What you are asked to do: A verbatim transcript of the data below is required, images omitted.

★ ★ ★

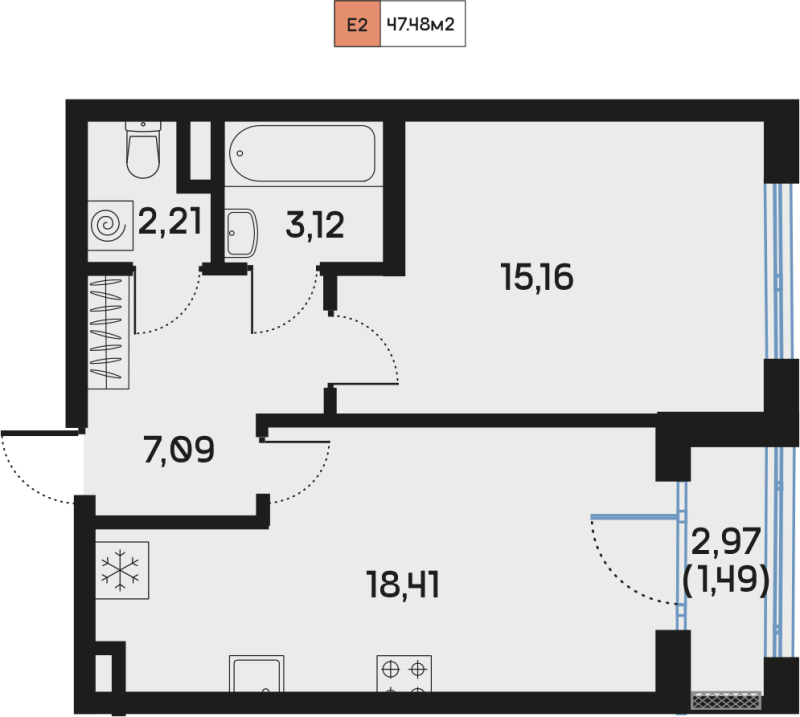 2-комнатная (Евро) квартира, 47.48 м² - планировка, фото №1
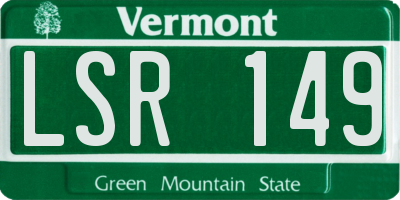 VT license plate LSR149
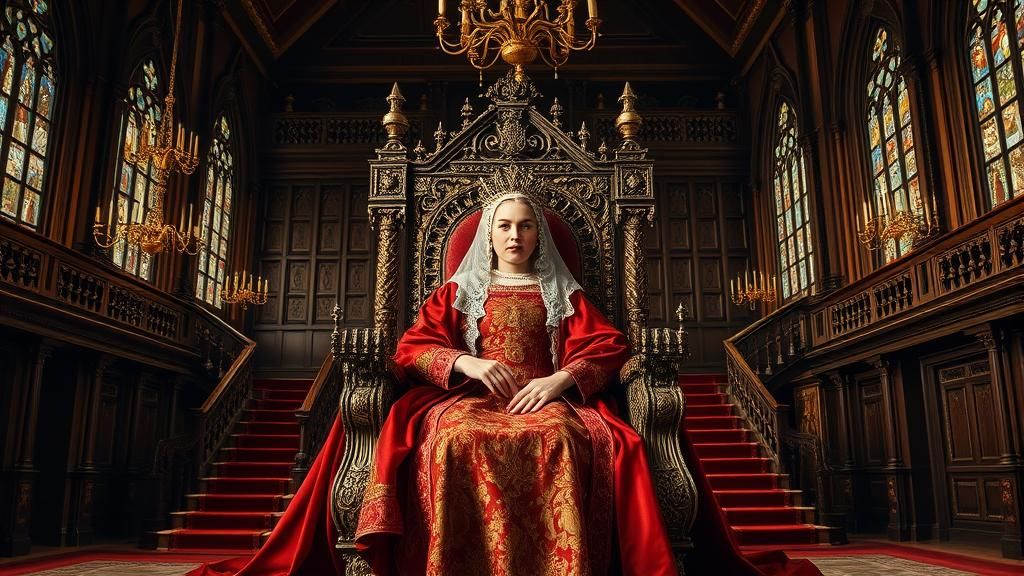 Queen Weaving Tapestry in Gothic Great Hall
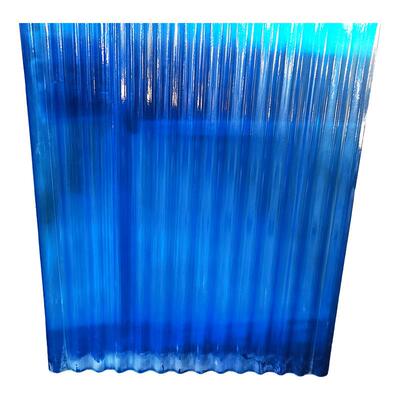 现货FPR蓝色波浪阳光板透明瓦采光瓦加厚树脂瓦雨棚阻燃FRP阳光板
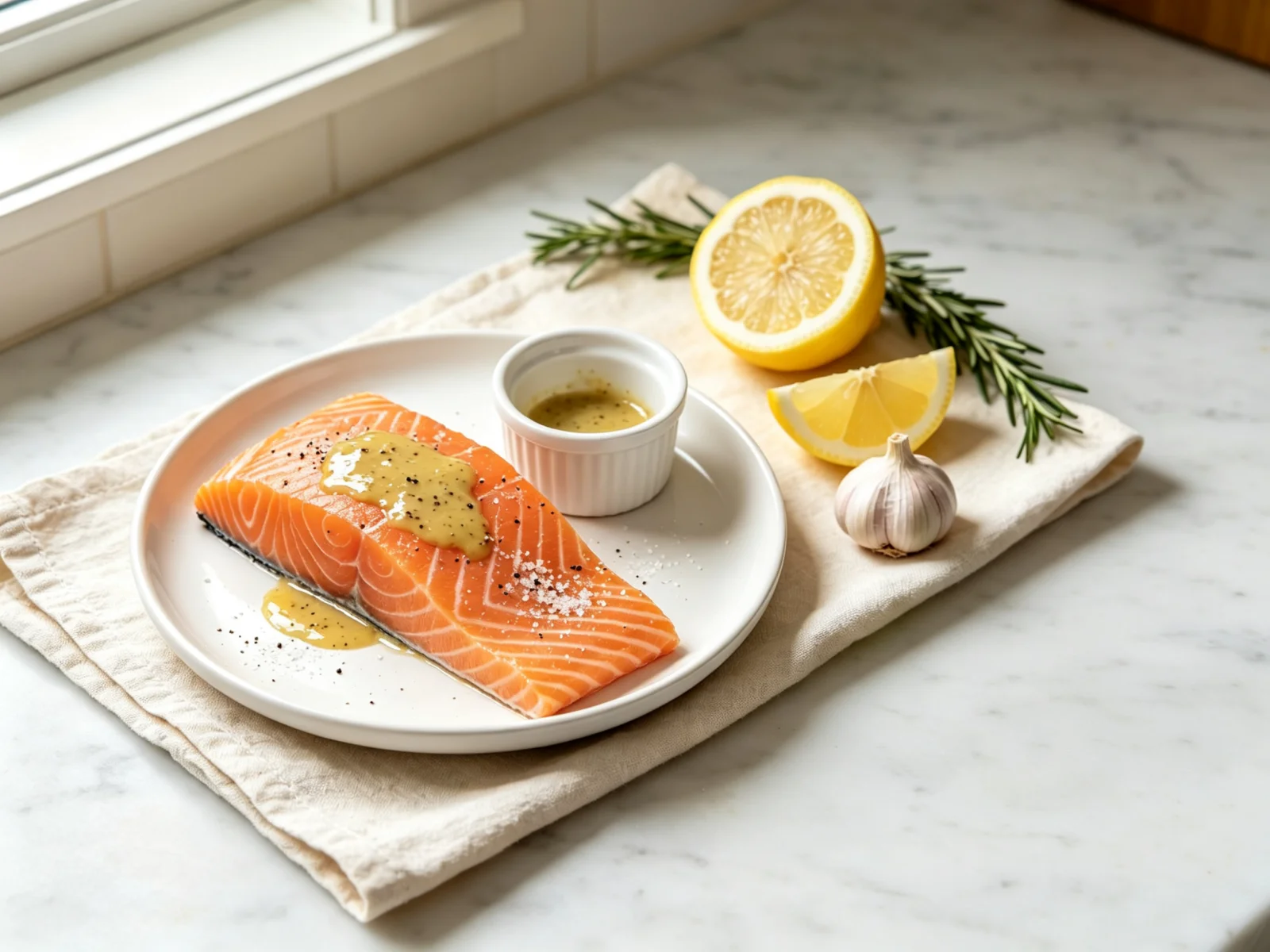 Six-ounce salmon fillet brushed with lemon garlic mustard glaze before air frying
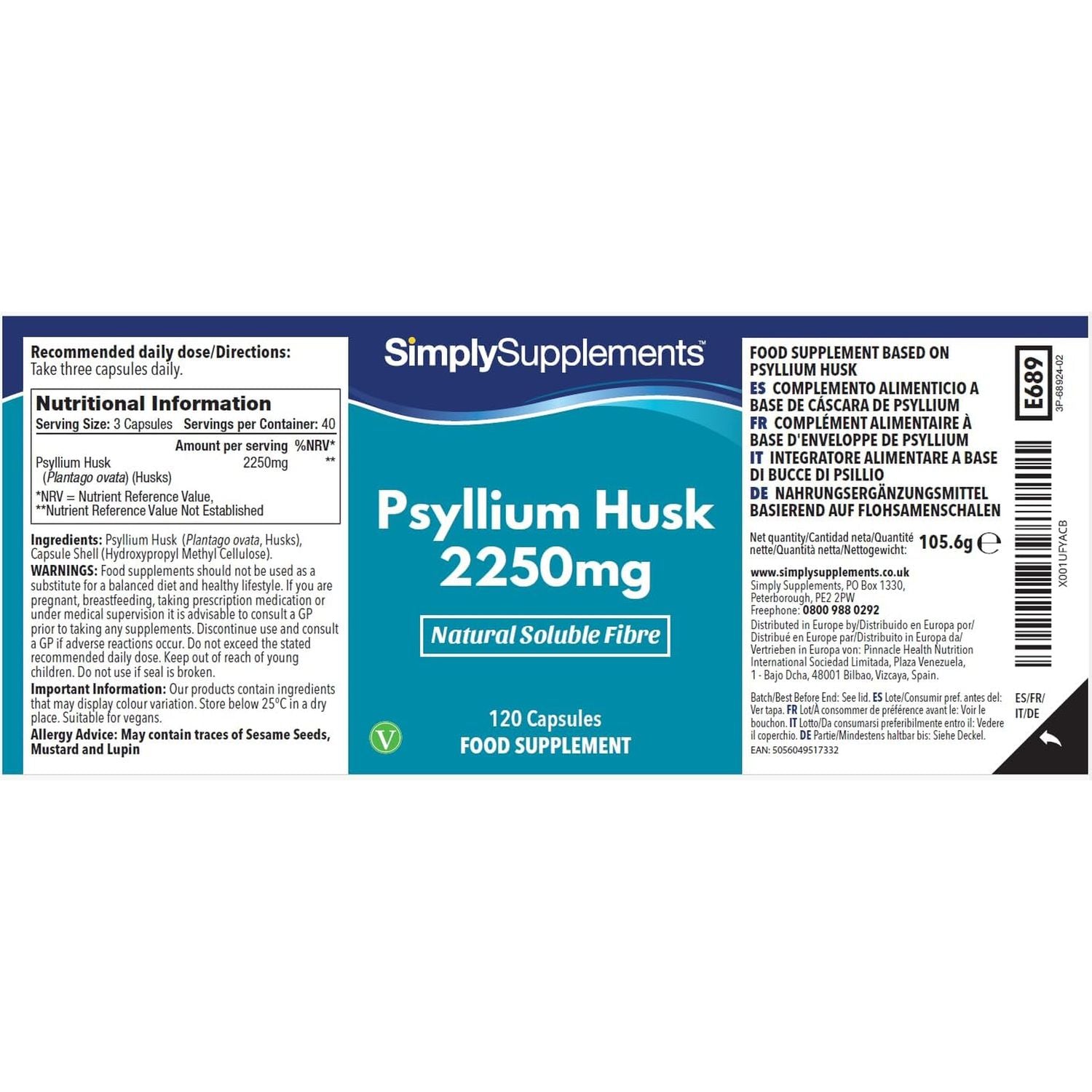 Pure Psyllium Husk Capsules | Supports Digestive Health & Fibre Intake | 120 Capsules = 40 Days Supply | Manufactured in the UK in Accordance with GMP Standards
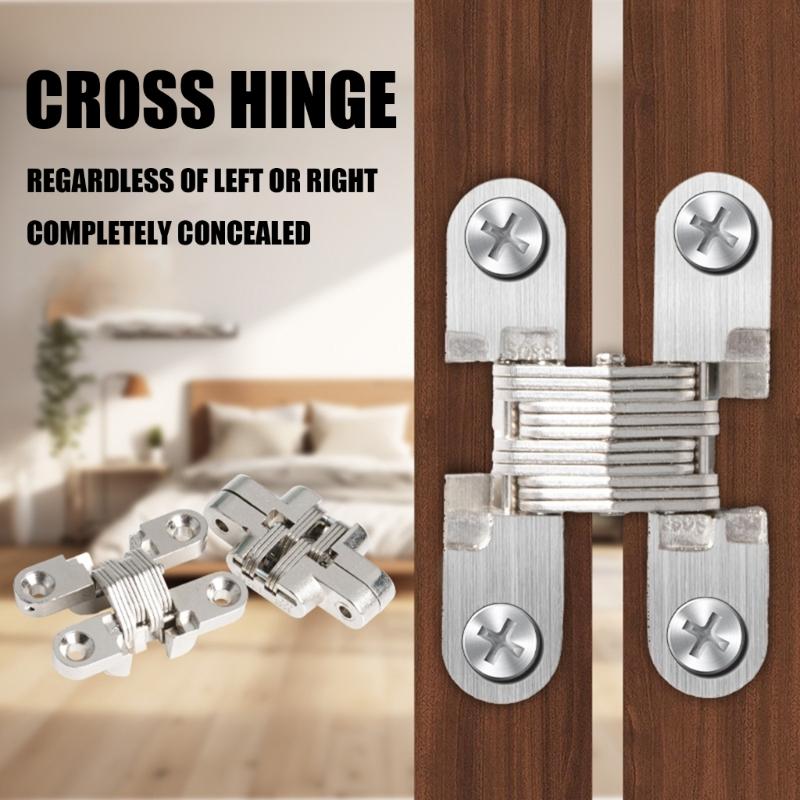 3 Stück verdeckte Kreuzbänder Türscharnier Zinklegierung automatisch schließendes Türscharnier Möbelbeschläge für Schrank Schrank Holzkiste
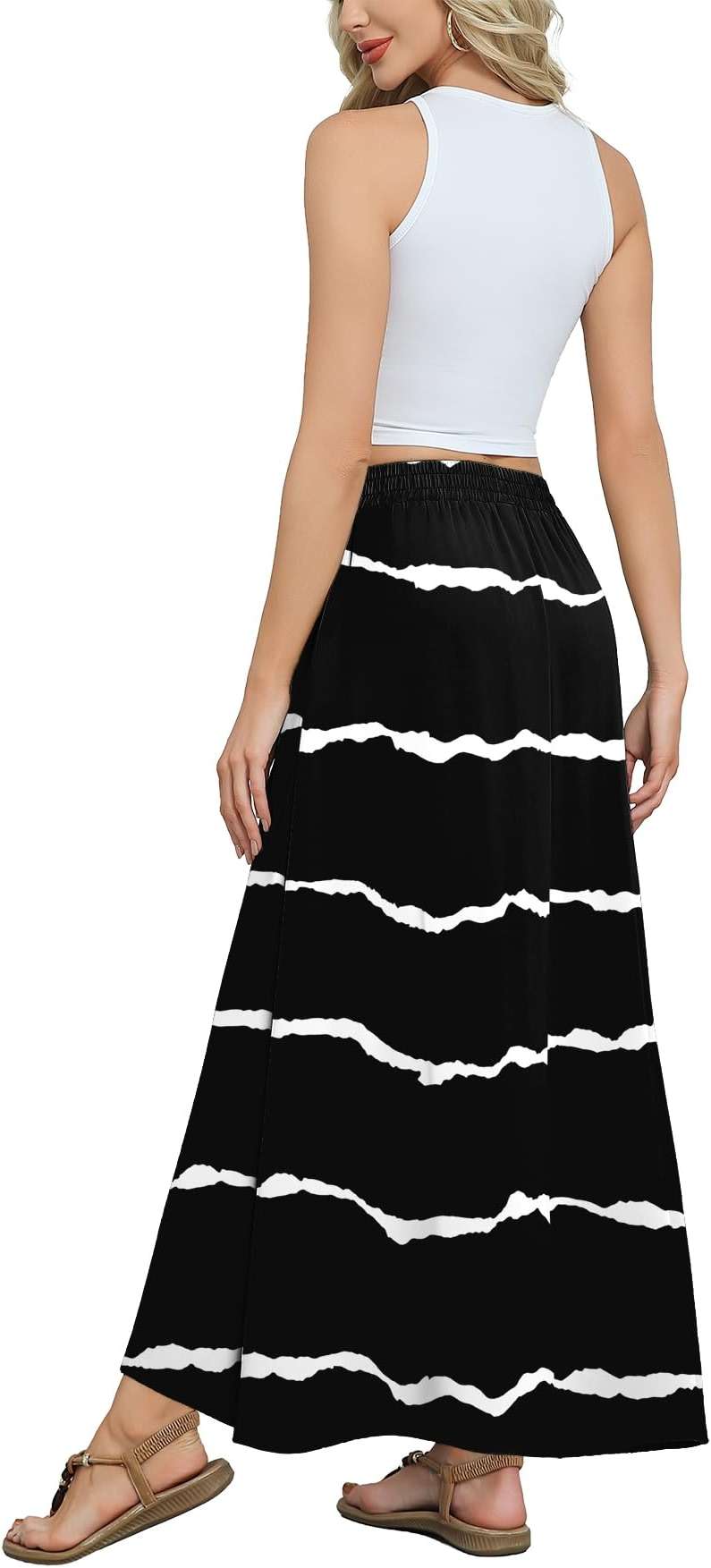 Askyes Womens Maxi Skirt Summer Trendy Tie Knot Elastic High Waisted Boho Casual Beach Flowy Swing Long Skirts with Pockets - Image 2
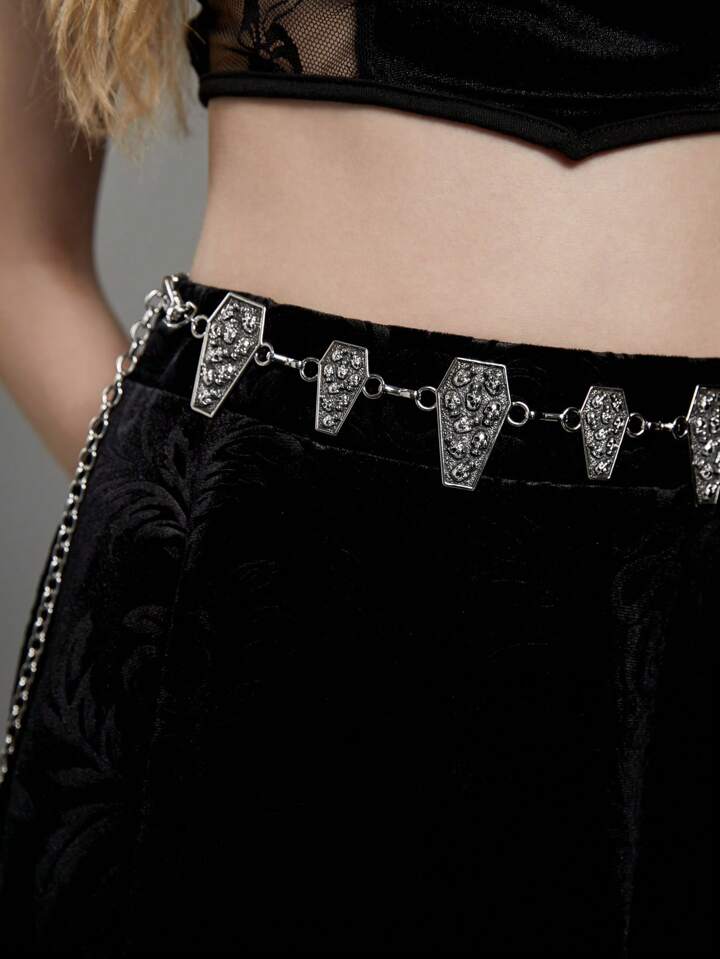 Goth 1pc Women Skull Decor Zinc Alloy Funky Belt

★ ★ ★

Exercise answer:
 2-комнатная (Евро) квартира, 47.48 м² - планировка, фото №1
 VT license plate LSR149
 Queen Weaving Tapestry in Gothic Great Hall
 现货FPR蓝色波浪阳光板透明瓦采光瓦加厚树脂瓦雨棚阻燃FRP阳光板
 Six-ounce salmon fillet brushed with lemon garlic mustard glaze before air frying
 Pure Psyllium Husk Capsules | Supports Digestive Health & Fibre Intake | 120 Capsules = 40 Days Supply | Manufactured in the UK in Accordance with GMP Standards
 3 Stück verdeckte Kreuzbänder Türscharnier Zinklegierung automatisch schließendes Türscharnier Möbelbeschläge für Schrank Schrank Holzkiste
 Askyes Womens Maxi Skirt Summer Trendy Tie Knot Elastic High Waisted Boho Casual Beach Flowy Swing Long Skirts with Pockets - Image 2
 Goth 1pc Women Skull Decor Zinc Alloy Funky Belt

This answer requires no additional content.